● SOURCE INFORMATION:
# # #

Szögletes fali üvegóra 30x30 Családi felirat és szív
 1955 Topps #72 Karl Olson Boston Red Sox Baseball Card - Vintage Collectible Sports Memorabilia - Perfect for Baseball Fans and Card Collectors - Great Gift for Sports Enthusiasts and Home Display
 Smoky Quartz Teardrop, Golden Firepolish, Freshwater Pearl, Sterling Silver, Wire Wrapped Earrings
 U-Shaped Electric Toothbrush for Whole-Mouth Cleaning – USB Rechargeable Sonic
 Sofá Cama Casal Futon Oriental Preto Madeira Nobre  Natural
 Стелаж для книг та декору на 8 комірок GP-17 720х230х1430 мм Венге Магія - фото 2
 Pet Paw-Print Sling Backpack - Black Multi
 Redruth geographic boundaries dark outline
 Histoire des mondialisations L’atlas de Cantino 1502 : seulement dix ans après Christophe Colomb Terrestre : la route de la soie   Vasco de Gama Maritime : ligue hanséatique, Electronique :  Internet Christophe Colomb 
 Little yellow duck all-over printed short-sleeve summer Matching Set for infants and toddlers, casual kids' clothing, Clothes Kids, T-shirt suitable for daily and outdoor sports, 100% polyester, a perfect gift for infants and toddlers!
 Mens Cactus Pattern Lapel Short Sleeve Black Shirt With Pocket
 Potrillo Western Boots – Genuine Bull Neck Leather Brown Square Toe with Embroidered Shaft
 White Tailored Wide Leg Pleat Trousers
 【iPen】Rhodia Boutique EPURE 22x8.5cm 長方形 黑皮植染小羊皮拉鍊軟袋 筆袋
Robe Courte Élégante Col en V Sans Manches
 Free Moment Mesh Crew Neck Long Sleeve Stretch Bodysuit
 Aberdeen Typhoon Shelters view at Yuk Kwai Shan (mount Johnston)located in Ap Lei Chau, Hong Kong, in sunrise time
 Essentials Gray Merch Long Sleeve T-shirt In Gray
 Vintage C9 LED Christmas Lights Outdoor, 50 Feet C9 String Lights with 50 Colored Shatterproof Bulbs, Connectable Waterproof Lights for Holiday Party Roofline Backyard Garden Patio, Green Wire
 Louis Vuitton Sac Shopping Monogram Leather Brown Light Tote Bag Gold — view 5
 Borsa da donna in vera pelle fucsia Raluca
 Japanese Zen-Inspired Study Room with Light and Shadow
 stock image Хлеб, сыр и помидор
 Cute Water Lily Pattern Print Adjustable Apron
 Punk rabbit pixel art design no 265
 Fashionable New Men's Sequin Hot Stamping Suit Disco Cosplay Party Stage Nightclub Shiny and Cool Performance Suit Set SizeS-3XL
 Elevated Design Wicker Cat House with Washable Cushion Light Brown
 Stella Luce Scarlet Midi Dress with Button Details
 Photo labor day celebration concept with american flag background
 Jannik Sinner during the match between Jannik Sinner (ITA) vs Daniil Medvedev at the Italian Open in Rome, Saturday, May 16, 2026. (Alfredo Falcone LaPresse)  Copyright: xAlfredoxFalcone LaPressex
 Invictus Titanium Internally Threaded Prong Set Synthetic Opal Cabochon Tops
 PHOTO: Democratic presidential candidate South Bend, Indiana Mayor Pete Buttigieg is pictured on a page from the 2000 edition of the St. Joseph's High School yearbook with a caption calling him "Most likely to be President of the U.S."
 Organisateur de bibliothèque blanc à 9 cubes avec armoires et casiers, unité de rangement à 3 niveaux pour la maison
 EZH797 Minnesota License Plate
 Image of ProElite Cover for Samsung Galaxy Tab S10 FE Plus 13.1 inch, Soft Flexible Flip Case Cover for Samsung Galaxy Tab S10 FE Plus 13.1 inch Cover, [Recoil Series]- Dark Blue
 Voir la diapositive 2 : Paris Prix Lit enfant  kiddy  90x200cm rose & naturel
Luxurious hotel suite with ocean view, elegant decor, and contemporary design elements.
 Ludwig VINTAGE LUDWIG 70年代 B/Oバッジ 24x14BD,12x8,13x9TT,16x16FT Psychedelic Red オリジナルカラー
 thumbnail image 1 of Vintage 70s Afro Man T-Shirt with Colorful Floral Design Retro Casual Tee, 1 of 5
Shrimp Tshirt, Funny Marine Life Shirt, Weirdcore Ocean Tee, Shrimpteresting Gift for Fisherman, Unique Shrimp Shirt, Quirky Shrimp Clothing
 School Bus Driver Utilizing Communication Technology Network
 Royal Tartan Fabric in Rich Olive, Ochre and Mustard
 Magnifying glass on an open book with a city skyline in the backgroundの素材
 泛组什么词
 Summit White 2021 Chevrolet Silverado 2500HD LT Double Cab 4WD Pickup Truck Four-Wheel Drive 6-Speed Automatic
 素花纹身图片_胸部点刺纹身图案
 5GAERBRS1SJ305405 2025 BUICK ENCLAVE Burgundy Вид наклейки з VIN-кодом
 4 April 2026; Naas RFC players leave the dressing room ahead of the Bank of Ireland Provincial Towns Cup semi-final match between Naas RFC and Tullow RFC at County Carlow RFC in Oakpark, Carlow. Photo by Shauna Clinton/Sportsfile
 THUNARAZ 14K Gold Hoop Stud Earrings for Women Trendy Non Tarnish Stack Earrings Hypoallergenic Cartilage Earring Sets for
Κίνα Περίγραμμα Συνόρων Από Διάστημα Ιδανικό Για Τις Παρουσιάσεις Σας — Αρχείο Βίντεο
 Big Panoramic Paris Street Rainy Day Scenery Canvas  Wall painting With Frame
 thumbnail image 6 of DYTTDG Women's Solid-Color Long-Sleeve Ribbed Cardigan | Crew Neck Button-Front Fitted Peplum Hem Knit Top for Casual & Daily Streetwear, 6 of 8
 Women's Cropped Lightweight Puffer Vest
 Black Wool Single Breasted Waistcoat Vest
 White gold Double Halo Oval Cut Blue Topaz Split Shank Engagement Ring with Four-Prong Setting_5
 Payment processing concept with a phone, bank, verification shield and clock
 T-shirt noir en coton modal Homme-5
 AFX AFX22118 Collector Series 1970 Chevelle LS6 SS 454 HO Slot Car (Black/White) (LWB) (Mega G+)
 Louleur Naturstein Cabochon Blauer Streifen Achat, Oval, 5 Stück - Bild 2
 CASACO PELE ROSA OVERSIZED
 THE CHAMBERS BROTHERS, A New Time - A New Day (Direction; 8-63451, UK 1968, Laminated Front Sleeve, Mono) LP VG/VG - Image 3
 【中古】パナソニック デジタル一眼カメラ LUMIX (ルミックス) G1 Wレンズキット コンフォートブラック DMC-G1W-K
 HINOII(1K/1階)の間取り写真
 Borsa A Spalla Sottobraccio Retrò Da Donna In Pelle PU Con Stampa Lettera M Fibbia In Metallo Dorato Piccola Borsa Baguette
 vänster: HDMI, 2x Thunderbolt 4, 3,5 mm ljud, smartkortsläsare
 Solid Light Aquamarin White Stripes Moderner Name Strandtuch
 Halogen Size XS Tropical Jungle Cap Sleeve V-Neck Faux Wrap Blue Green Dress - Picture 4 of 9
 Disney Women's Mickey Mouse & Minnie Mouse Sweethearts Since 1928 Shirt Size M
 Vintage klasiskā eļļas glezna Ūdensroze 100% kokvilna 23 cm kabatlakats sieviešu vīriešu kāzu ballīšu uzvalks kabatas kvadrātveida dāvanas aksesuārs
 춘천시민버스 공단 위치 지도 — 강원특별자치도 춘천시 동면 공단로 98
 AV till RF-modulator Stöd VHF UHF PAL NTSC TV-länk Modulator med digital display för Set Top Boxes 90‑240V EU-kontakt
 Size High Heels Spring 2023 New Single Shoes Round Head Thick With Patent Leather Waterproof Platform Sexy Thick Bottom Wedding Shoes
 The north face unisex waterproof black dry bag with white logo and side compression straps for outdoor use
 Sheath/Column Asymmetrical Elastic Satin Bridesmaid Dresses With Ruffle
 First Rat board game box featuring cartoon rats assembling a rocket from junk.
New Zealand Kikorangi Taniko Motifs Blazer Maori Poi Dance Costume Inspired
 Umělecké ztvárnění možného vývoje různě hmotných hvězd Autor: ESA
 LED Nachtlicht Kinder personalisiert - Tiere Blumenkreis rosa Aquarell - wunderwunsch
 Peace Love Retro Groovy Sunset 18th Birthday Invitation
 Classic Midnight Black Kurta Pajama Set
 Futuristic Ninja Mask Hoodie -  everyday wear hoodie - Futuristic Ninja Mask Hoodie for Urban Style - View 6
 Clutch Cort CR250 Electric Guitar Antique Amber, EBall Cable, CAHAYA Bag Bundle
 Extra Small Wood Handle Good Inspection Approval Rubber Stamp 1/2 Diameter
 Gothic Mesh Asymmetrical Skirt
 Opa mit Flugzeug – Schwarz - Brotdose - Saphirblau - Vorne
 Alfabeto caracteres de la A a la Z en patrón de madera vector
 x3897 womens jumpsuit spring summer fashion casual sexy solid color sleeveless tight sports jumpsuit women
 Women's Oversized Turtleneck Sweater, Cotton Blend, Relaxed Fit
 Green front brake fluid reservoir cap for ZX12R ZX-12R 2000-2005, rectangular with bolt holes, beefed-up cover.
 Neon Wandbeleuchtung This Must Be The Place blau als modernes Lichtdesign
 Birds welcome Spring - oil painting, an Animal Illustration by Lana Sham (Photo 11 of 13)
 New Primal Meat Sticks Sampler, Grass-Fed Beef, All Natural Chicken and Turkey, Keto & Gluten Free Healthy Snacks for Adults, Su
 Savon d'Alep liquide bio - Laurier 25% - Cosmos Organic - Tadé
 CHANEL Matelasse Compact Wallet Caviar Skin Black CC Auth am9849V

# # #

● EXERCISE INSTRUCTIONS: Please give back, exactly as it stands above, the stretch from the line with "Umělecké ztvárnění možného" through the line with "Futuristic Ninja Mask Hoodie -  everyday", and no line outside it.

● EXERCISE RESPONSE:
 Umělecké ztvárnění možného vývoje různě hmotných hvězd Autor: ESA
 LED Nachtlicht Kinder personalisiert - Tiere Blumenkreis rosa Aquarell - wunderwunsch
 Peace Love Retro Groovy Sunset 18th Birthday Invitation
 Classic Midnight Black Kurta Pajama Set
 Futuristic Ninja Mask Hoodie -  everyday wear hoodie - Futuristic Ninja Mask Hoodie for Urban Style - View 6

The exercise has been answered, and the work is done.